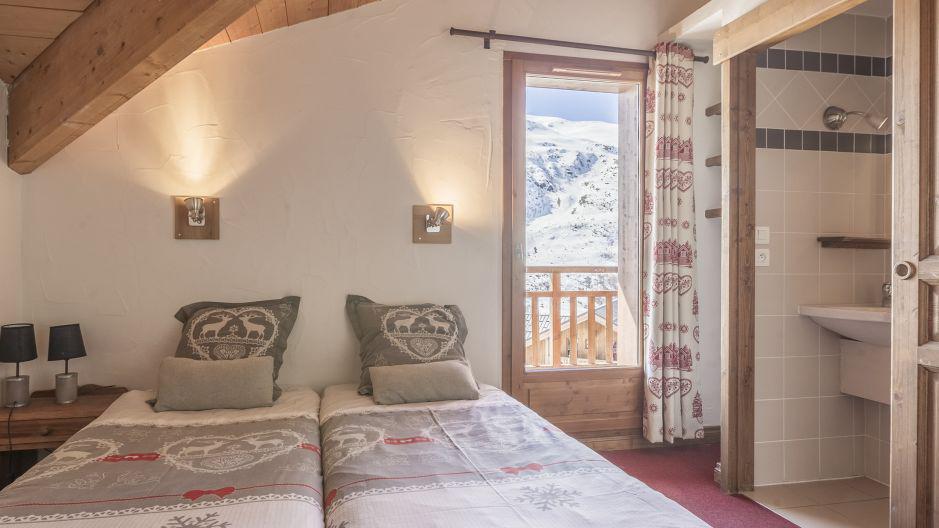 Rent in ski resort Chalet Geffriand - Les Menuires - Bedroom under mansard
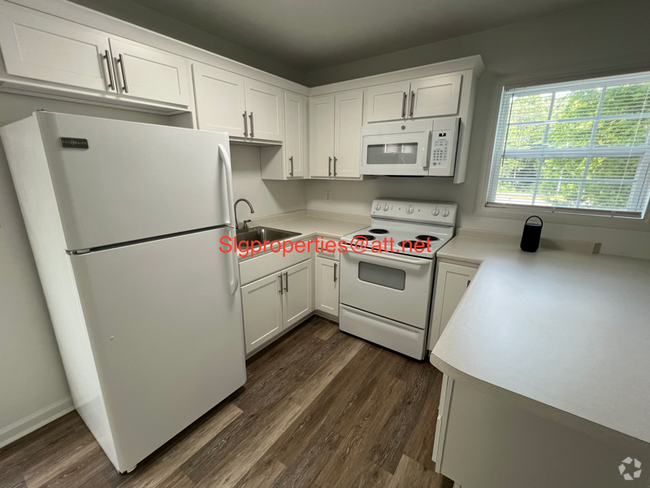 Building Photo - 2 Evelake Dr Rental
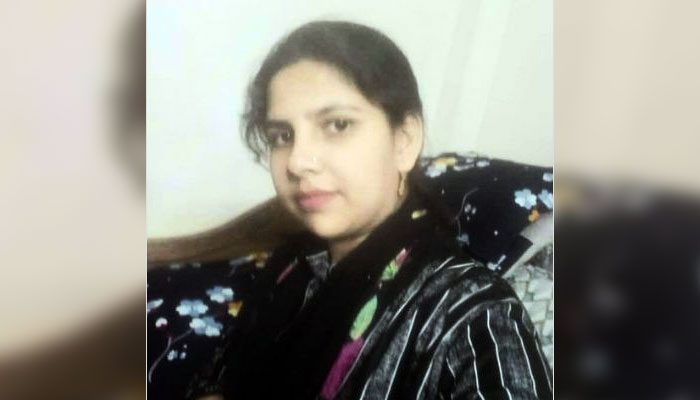 নিখোঁজের ১০ দিন পর বিউটি পার্লারের টয়লেটে মিলল লাশ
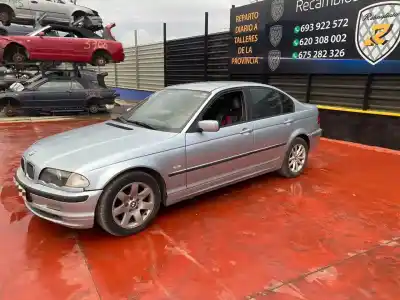 Veículo de Sucata bmw serie 3 berlina (e46) 320d do ano 2001 alimentado 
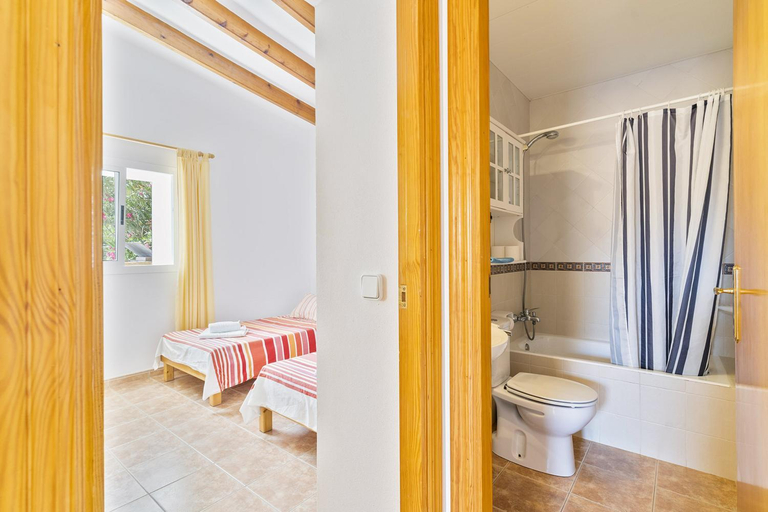 Bathroom 3, Can Juan De S'Hereu, Baleares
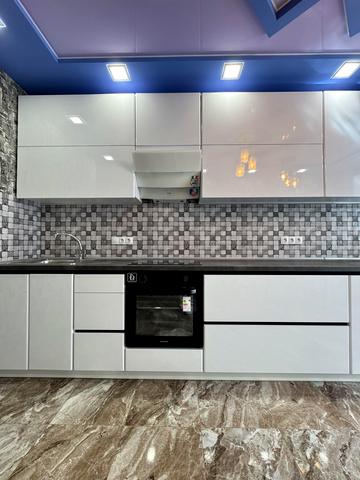 Гвардійців-Широнінців вул., 70-Б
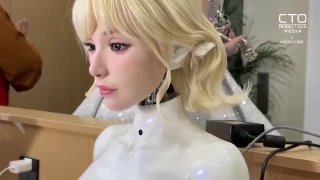 В Китае представили гуманоидных роботов с реалистичной мимикой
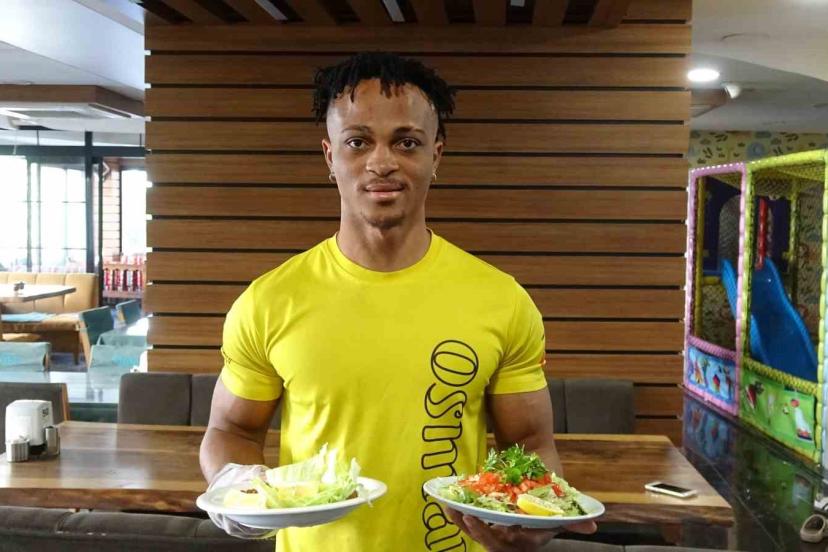 Siirt’te yemek servisleri Nijeryalı Micheal’den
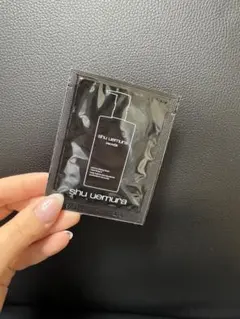 shu uemura ブラック クレンジングオイル 4ml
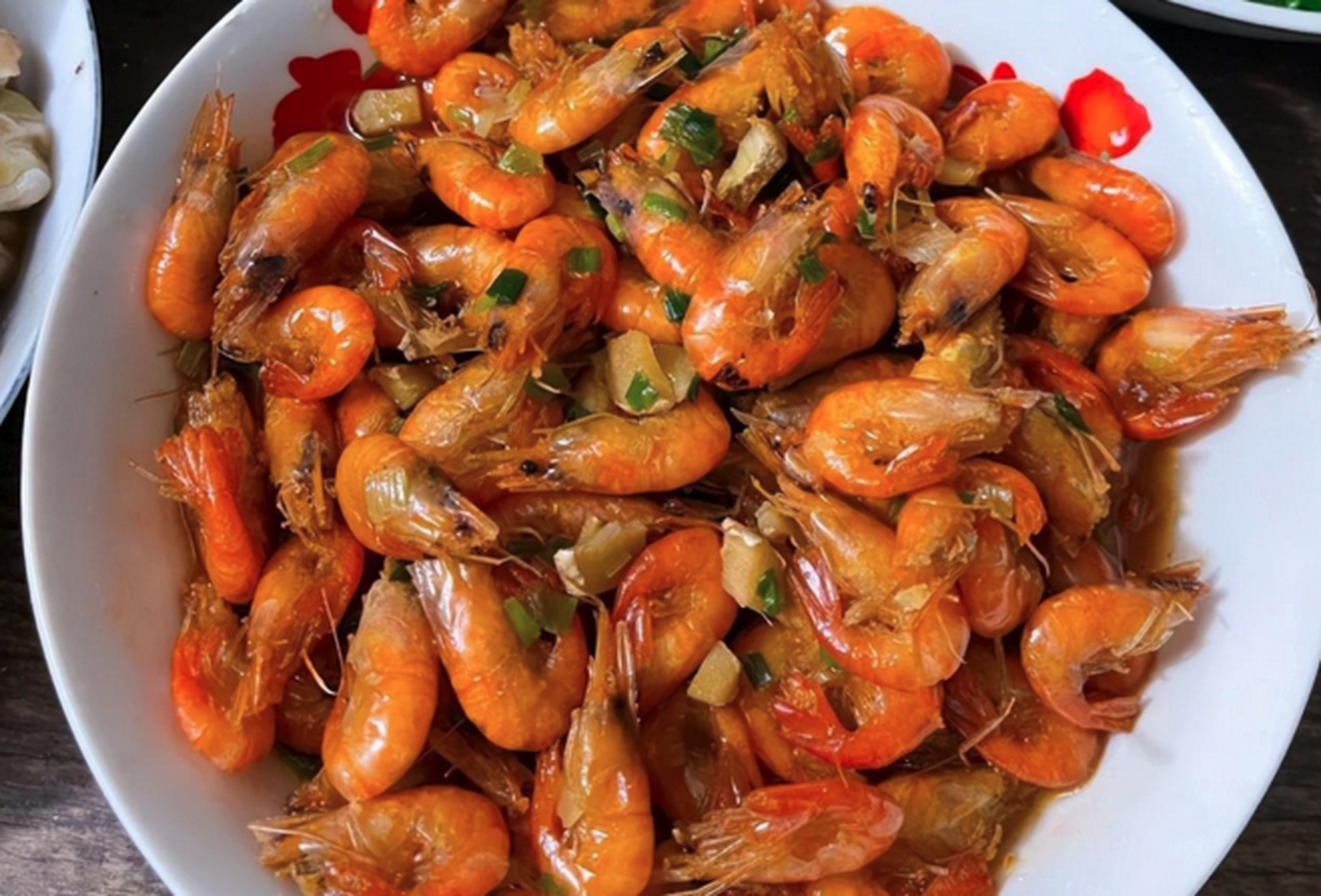 广州李雅家晚餐引发网友轰动,一道道家常菜肴鲜美可口,承载深厚家风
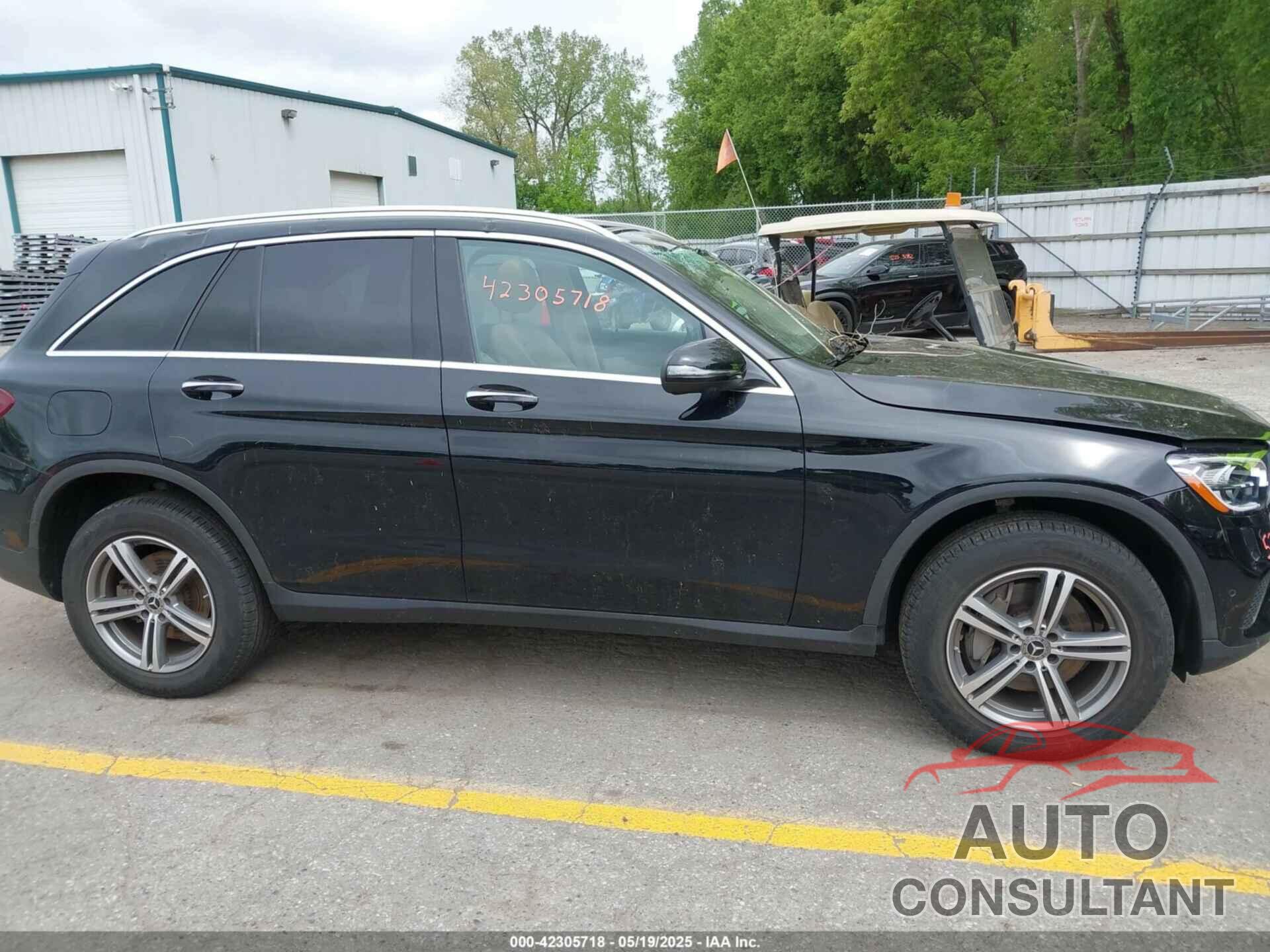 MERCEDES-BENZ GLC 300 2022 - W1N0G8EB5NV389838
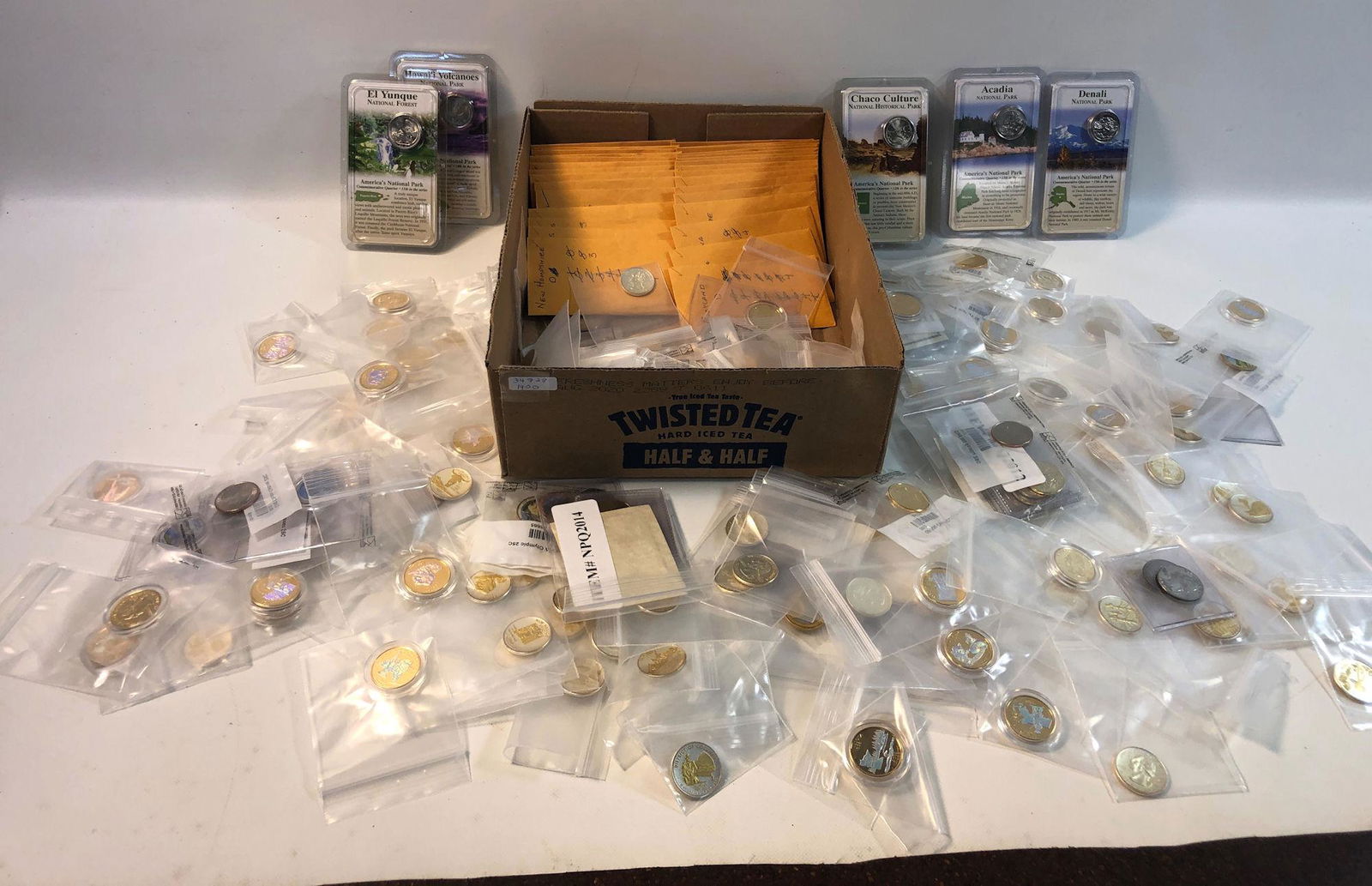 LOT OF ASSORTED U.S. QUARTERS (1 of 10)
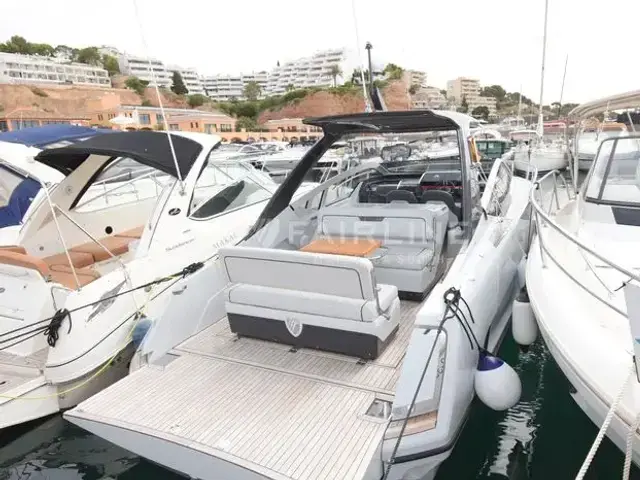 Fairline F Line 33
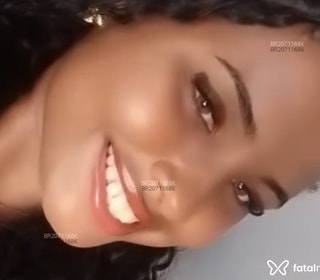 Acompanhante Mary Salustiano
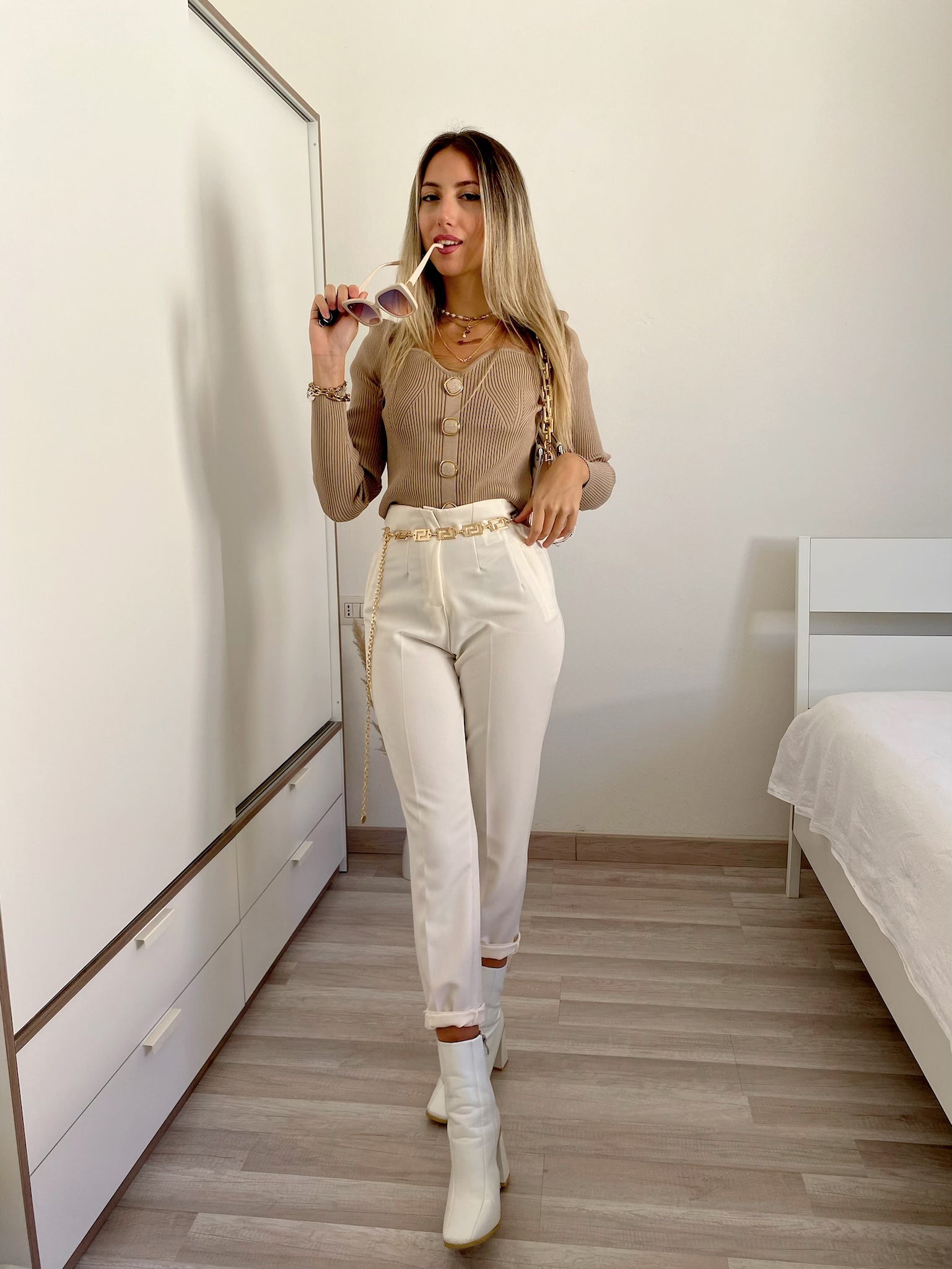 Pantalone vita alta panna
============================================================
Your task is to restate word for word the lines from the line holding "নিখোঁজের ১০ দিন" through the final line of the listing, both included, but none of the pictures.

### Exercise result:
 নিখোঁজের ১০ দিন পর বিউটি পার্লারের টয়লেটে মিলল লাশ
 Veículo de Sucata bmw serie 3 berlina (e46) 320d do ano 2001 alimentado 
 Bathroom 3, Can Juan De S'Hereu, Baleares
 Гвардійців-Широнінців вул., 70-Б
 В Китае представили гуманоидных роботов с реалистичной мимикой
 Siirt’te yemek servisleri Nijeryalı Micheal’den
 shu uemura ブラック クレンジングオイル 4ml
 广州李雅家晚餐引发网友轰动,一道道家常菜肴鲜美可口,承载深厚家风
 MERCEDES-BENZ GLC 300 2022 - W1N0G8EB5NV389838
 LOT OF ASSORTED U.S. QUARTERS (1 of 10)
 Fairline F Line 33
 Acompanhante Mary Salustiano
 Pantalone vita alta panna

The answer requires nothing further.